The right kidney is located posteriorly from the ascending colon, the pars II duodenum in the medial, and the hepar in the superior, separated by the hepatorenal recess (Morison’s pouch). The left kidney is posterior to the descending colon, the renal hilum is lateral to the cauda pancreas, its superomedial aspect is adjacent to the greater gastric curvature, and the sinistra polus is adjacent to the splenic and is connected to the splenic ligament [4-5].

In the posterior part of the kidney, the diaphragm is in the superior third with costa 12 passing through the superior polus of the kidney. Usually the kidneys are located in the medial aspect of the psoas muscle and the lateral aspect of the quadratus lumborum muscle. Each kidney is lined by two layers of capsule and surronded by perirenal fat, Gerota fascia, Zuckerkandl fascia, and pararenal fat. The proximal ureter generally passes through the psoas muscle as it travels to the pelvic cavity. The renal hilum is found in the medial part, the renal artery enters, renal pelvis and the renal vein exits the renal sinus. The renal vein is more anterior than the renal artery. The renal artery is more anterior than the renal pelvis. The union of 2-3 minor calixes forms a major calix. The union of 2-3 major calyx forms the renal pelvis. At the end of the minor calyx is the renal papilla, which is the apex of the renal pyramid. The pyramid and the surrounding cortical tissue constitute one renal lobe [4-6]..

The kidneys consist of the cortex and medulla. The renal cortex consists of the renal corpusculum, convoluted tubules, rectus tubules, collectivus tubules, and blood vessels. The medulla section consists of the rectus and collectivus tubules, which extend into the cortex. The medulla also contains the vasa recta, capillary vessels that play a role in the exchange system counter current. The renal pyramid is a cone-shaped structure formed by the collecting tubules in the medulla, the pyramidal base oriented towards the cortex and the pyramidal apex towards the hilum. At the apex of the pyramis there is a papilla that extends towards the minor calyx that drains its products through the ductus collectivus at its end, the cribrosa area. The ductus collectivus and the group of nephrons around it are called lobules [2].

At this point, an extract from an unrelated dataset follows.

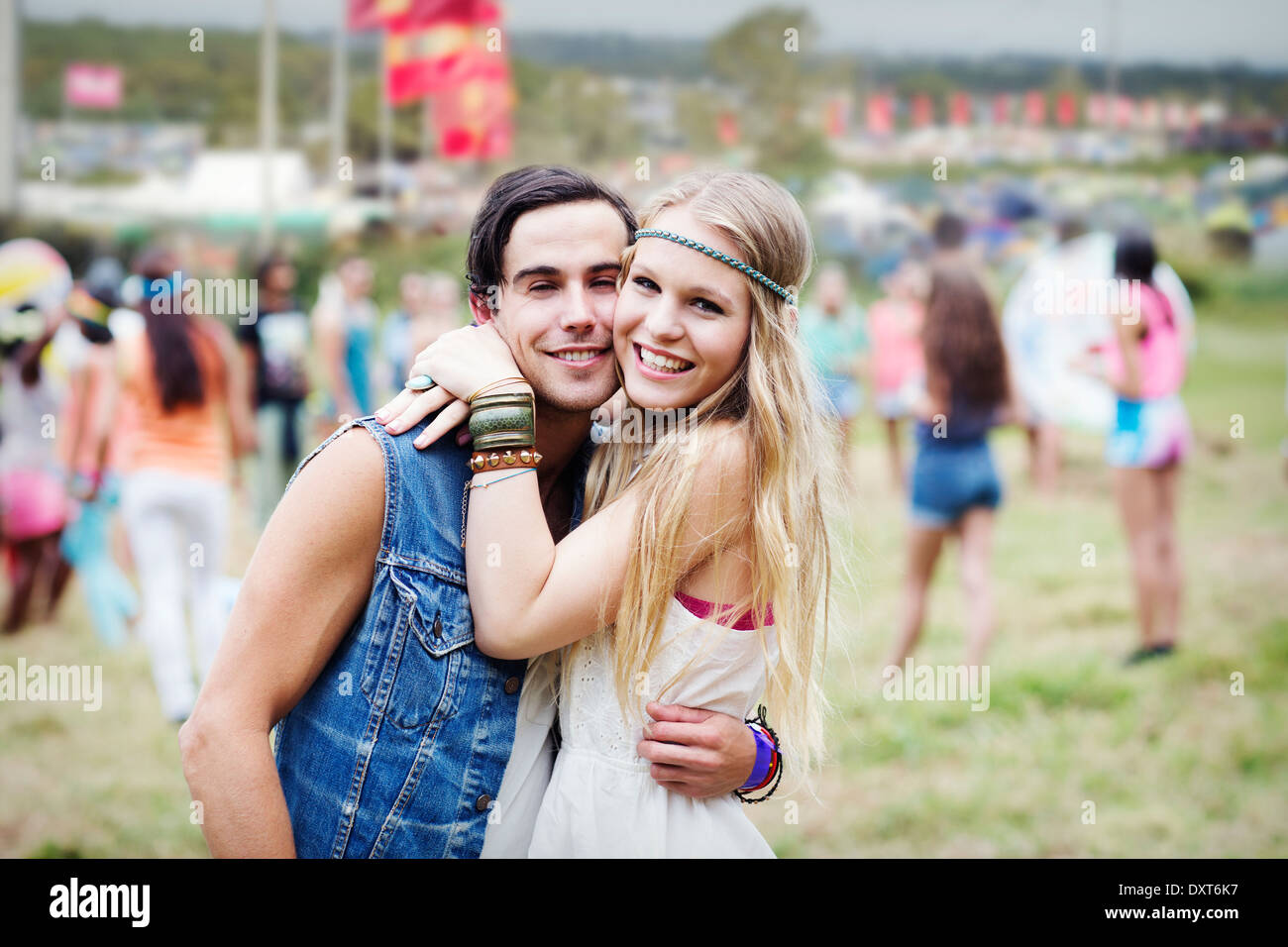 Portrait of couple hugging at music festival Stock Photo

The kidneys have several functions, including the filtration function, where the kidneys filter about 200 liters of fluid per day. Then there is the excretory function; the kidneys excrete urine containing toxins and various metabolic waste products, remove excess ions, and maintain a balance of various essential substances in the body. Then the kidneys also function in regulating plasma osmolarity by modulating the amount of water, solutes, and electrolytes in the blood. In addition, the kidneys also function in maintaining acid-base balance, producing renin for blood pressure regulation, erythropoietin to stimulate erythrocyte production, and converting vitamin D into active substances [1–2].

Glomerular filtration rate (GFR) is the amount of filtrate that forms throughout the renal corpuscle in both kidneys every minute. GFR represents the flow of plasma from the glomerulus into Bowman's capsule over a specific period of time, and is the primary measurement for assessing kidney function and indicating abnormal kidney conditions [7].

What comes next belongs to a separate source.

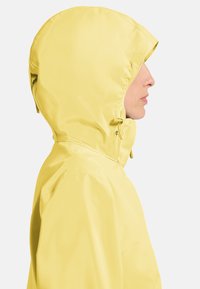 Gelbe wasserdichte Jacke mit Kapuze, die eine glatte Textur und verstellbare Zugbänder aufweist, seitlich vor einem weißen Hintergrund dargestellt.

In a healthy person, the volume and length of the kidneys increase until the fourth and fifth decades of life, then followed by a progressive decrease in males, while the volume of the kidneys decreases gradually throughout the life of the female. The cortical volume will decrease at the end of life, this reflects an increase in sclerosis and atubular glomeruli. In previous studies it was found that the things associated with decreased kidney volume were female sex, increased age, higher body mass index, higher blood pressure, lower concentrations of sodium, bicarbonate and hemoglobin, with increased nitrogenous waste and urinary ACR [3].

Glomerular filtration regulation mechanisms regulate the flow of blood into and out of the glomerulus, and alter the glomerular capillary surfaces available for filtration. As blood flow into the capillaries increases, GFR increases, and coordinated control of the diameter of afferent and efferent arterioles regulates glomerular blood flow. There are three mechanisms that control GFR: renal autoregulation, neural regulation, and hormonal regulation [7].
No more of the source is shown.